With this in place, you should now be able to register a FIDO authenticator.

Authentication

Now, to authenticate our registered user. First, let’s add authentication using a cookie to our Startup.cs, with a LoginPath pointing at an action that we are about to create.

public class Startup
{
    public void ConfigureServices(IServiceCollection services)
    {
        /* existing registrations */

        services.AddAuthentication("cookie")
            .AddCookie("cookie", options => { options.LoginPath = "/Home/StartLogin"; });
    }

    public void Configure(IApplicationBuilder app)
    {
        /* existing registrations */

        app.UseAuthentication();

        app.UseStaticFiles();
        app.UseMvcWithDefaultRoute();
    }
}

And now, let’s create that action, along with one to handle login initiation, and another for login completion. This will be a similar approach to registration, with an initial action to collect the user ID, initiate authentication with the FIDO component, and then use WebAuthn to facilitate the authentication process.

public class HomeController : Controller
{
    /* Existing registraiton methods */

    public IActionResult StartLogin() => View();

    [HttpPost]
    [ValidateAntiForgeryToken]
    public async Task<IActionResult> Login(LoginModel model)
    {
        var challenge = await fido.InitiateAuthentication(model.UserId);

        return View(challenge.ToBase64Dto());
    }

    [HttpPost]
    public async Task<IActionResult> CompleteLogin([FromBody] Base64FidoAuthenticationResponse    authenticationResponse)
    {
        var result = await fido.CompleteAuthentication(authenticationResponse.ToFidoResponse());

        if (result.IsSuccess)
        {
            await HttpContext.SignInAsync("cookie", new ClaimsPrincipal(new ClaimsIdentity(new List<Claim>
            {
                new Claim("sub", result.UserId)
            }, "cookie")));
        }

        if (result.IsError) return BadRequest(result.ErrorDescription);
        return Ok();
    }
}

public class LoginModel
{
    public string UserId { get; set; }
}

Your StartLogin view will again be a simple form:

@model Core.Models.LoginModel

<h2>Login</h2>
<form asp-action="Login">
    <div class="form-group">
        <label asp-for="UserId"></label>
        <input asp-for="UserId" class="form-control" />
    </div>
    <button type="submit" class="btn btn-primary">Submit</button>
</form>

Login View and WebAuthn

In your login view, you will again need to interact with the WebAuthn API. You’ll need to use the challenge generated by the FIDO component, and RP ID, so let’s add them straight away:

@model Rsk.AspNetCore.Fido.Dtos.Base64FidoRegistrationChallenge

<h2>Please use your authenticator</h2>

<script>
    // Challenge
    let challengeBytesAsString = atob("@Html.Raw(Model.Base64Challenge)");
    let challenge = new Uint8Array(challengeBytesAsString.length);
    for (let i = 0; i < challengeBytesAsString.length; i++) {
        challenge[i] = challengeBytesAsString.charCodeAt(i);
    }

    // RP ID
    let rpId = "@Model.RelyingPartyId";

    // TODO: WebAuthn interaction
</script>

Since you know who the user is, you’ll also know what credentials have been registered for them.

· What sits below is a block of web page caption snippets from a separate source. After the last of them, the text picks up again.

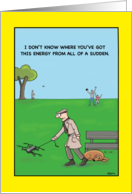 Dog Walking Man Takes a Drone Instead Birthday card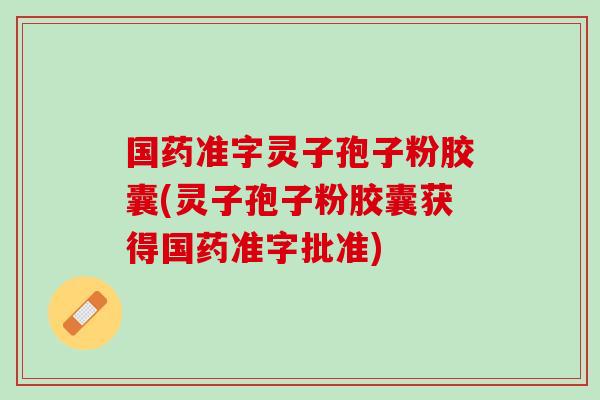 国药准字灵子孢子粉胶囊(灵子孢子粉胶囊获得国药准字批准)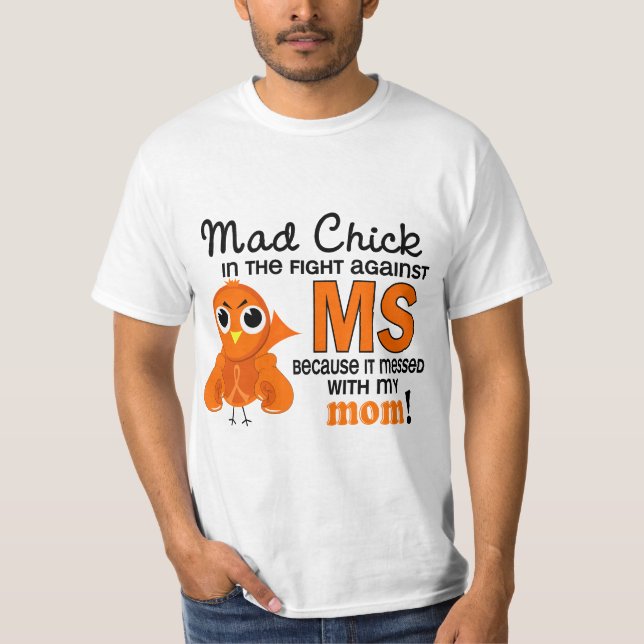 Mad Chick 2 Mom Multiple Sclerosis MS T-Shirt (Front)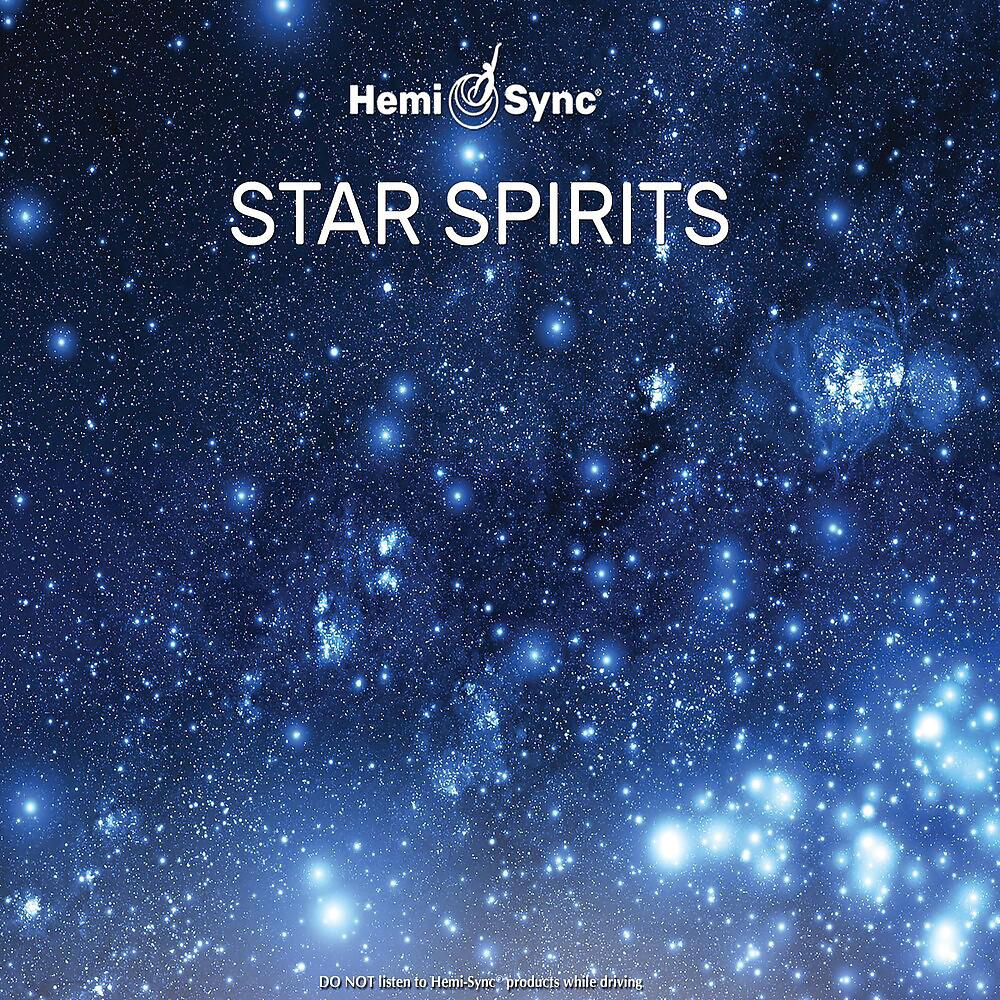 Постер альбома Star Spirits with Hemi-Sync®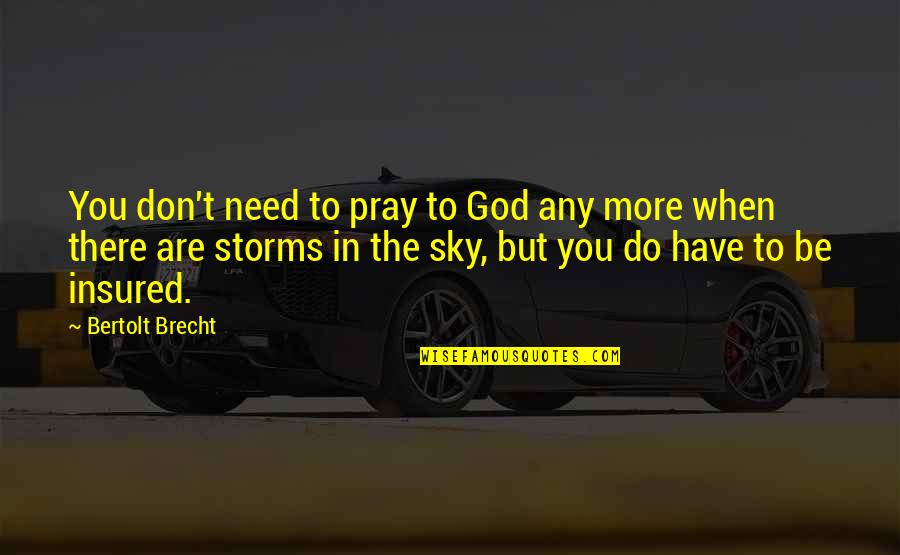 Death Of A Dog Quotes By Bertolt Brecht: You don't need to pray to God any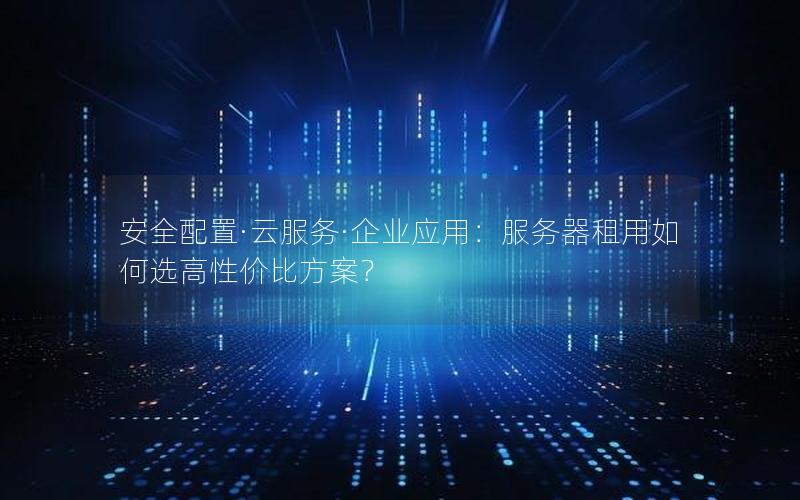 安全配置·云服务·企业应用：服务器租用如何选高性价比方案？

As a result, you can ensure that the user can only use a credential that you recognize, using allowCredentials. The FIDO library will provide a collection of base64 encoded allowed credential IDs, which we will need to decode and then parse into a collection of WebAuthn PublicKeyCredentialDescriptors.

// Allowed credentials
let keys = JSON.parse('@Html.Raw(JsonConvert.SerializeObject(Model.Base64KeyIds))');
let allowCredentials = [];

for (let i = 0; i < keys.length; i++) {
    let keyIdBytesAsString = window.atob(keys[i]);

    let key = new Uint8Array(keyIdBytesAsString.length);
    for (let i = 0; i < keyIdBytesAsString.length; i++) {
        key[i] = keyIdBytesAsString.charCodeAt(i);
    }

    allowCredentials.push({
        type: "public-key",
        id: key
    });
}

With these values, you can now call the WebAuthn’s get method, once again base64 encoding the response and posting it back to the server’s CompleteLogin endpoint:

navigator.credentials.get({ publicKey: { challenge, rpId, allowCredentials } })
    .then((result) => {

        // base64 encode array buffers
        var encodedResult = {
            id: result.id,
            rawId: btoa(String.fromCharCode.apply(null, new Uint8Array(result.rawId))),
            type: result.type,
            response: {
                authenticatorData:
                    btoa(String.fromCharCode.apply(null, new Uint8Array(result.response.authenticatorData))),
                signature:
                    btoa(String.fromCharCode.apply(null, new Uint8Array(result.response.signature))),
                userHandle:
                    btoa(String.fromCharCode.apply(null, new Uint8Array(result.response.userHandle))),
                clientDataJSON:
                    btoa(String.fromCharCode.apply(null, new Uint8Array(result.response.clientDataJSON)))
            }
        };

        // post to login callback endpoint and redirect to homepage
        $.ajax({
            url: '/Home/CompleteLogin',
            type: 'POST',
            contentType: 'application/json',
            data: JSON.stringify(encodedResult),
            success:function() {
                window.location.href = "/";
            }
        });
    })
    .catch((error) => {
        console.error(error);
    });

Triggering Authentication

So, assuming the user has registered, you can now trigger authentication when they try and access a protected area of the website. To test this, let’s spin up a new action that simply has the AuthorizeAttribute on it, display the index page, and say hello to the current user.

Action

[Authorize]
public IActionResult Secure() => View("Index");

View

Updated Index.cshtml:

@using System.Security.Claims
@{
    ViewData["Title"] = "Home Page";
}

@if (User.Identity.IsAuthenticated)
{
    <h1>Authenticated!</h1>
    <p>
        Hello, @User.FindFirstValue("sub")
    </p>
}
else
{
    <h1>Unauthenticated</h1>
}

You should now be able to run the application, register a FIDO authenticator, and authenticate by trying to access the Secure action.